● SUPPLIED DATA
○ ○ ○ ○ ○

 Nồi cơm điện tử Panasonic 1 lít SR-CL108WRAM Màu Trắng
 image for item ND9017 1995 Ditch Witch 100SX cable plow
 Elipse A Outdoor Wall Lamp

○ ○ ○ ○ ○

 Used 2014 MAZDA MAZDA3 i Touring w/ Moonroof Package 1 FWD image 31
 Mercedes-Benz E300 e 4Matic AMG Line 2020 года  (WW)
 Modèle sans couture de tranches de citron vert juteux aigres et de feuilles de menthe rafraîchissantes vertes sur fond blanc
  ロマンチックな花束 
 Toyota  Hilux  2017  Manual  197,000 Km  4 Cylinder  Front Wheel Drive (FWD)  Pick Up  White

○ ○ ○ ○ ○

● WHAT YOU HAVE TO DO
Nothing but the lines above from the one containing "image for item" through the one containing "Elipse A Outdoor Wall Lamp" should appear in the answer, each repeated exactly.

● WRITTEN SOLUTION
 image for item ND9017 1995 Ditch Witch 100SX cable plow
 Elipse A Outdoor Wall Lamp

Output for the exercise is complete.